9.Mid grey magic. Another important aspect that is related to having a complete tonal range and the right amount of contrasts on the right places, is to have enough mid-gray tones in your photo to make it visually pleasing and to not be overpowered by contrasts. There are many theories why mid-gray tones play an important role in a good black and white photograph, but personally I think you need some neutral ground where the eye can ‘relax’ inside of the frame, instead of looking for a refuge outside of the frame. And I think the silvery mid-gray tones add a lot to the richness of a good black and white photograph. If you would look at the great black and white photographs then just look how many of them have those silvery mid-gray tones to compensate for the drama and contrasts in a black and white photo. I consider anything between tonal zones 4 and 8 the mid-gray area and I would recommend adding them to your portfolio of black and white photographs, in such a way it doesn’t take away from the effect you wanted to achieve.

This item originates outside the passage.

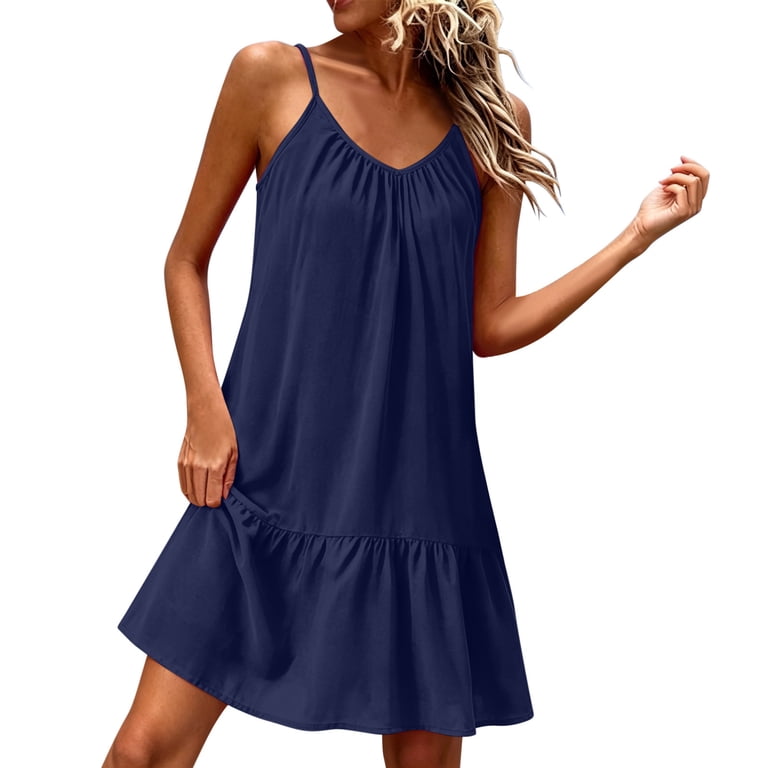 Frostluinai Women's Nightgown Sleeveless Ruffle Chemise Sleepwear Linen  Spaghetti Strap Camisole Night Dress Casual Loose Sleep Dress - Walmart.com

10.Personal signature style and tonality. A great black and white photographer always knows to leave something of his personality, his unique signature style, in his photograph. A signature style can consist of a specific subject matter, style of composition and style of black and white photography treatment and approach, a story telling theme or a specific mood that has been created and is easily recognizable. Very often it’s a combination of these individual elements, but always try to make a difference with as many of these elements as possible to create a highly individual style. One of the elements where you can separate yourself is by trying to create a “signature tonality”. Personally, when I create a low-key black and white photograph or something between low-key and high-key in, let’s say mid-key, then there are some tones I like the most: it’s the richness and darkness, yet with a glimpse of light on it from the tonal zones 2 and 3 mixed together. These tonal zones have such a richness in tones that can make an image stand out. I’m not sure why that is, and of course it’s highly subjective, but my guess is that one of the rule of grays state that pure black from tonal zone 0 shouldn’t be used because it is complete absence of light. While tonal zone 1 should primarily be used to create the blackness in an image with just a few touches of tonal zone 0. The first tonal zone after 1 that isn’t used to create the blackness in an image is tonal zone 2: it has the darkness of 1 with a promise of light. Same goes for tonal zone 3 to a similar extent. It’s the dawn of grays, the dawn of what will finally be revealed in your black and white image. That’s why I probably like it so much and you will see these tonal values a lot in my images and they form a substantial part of my signature style.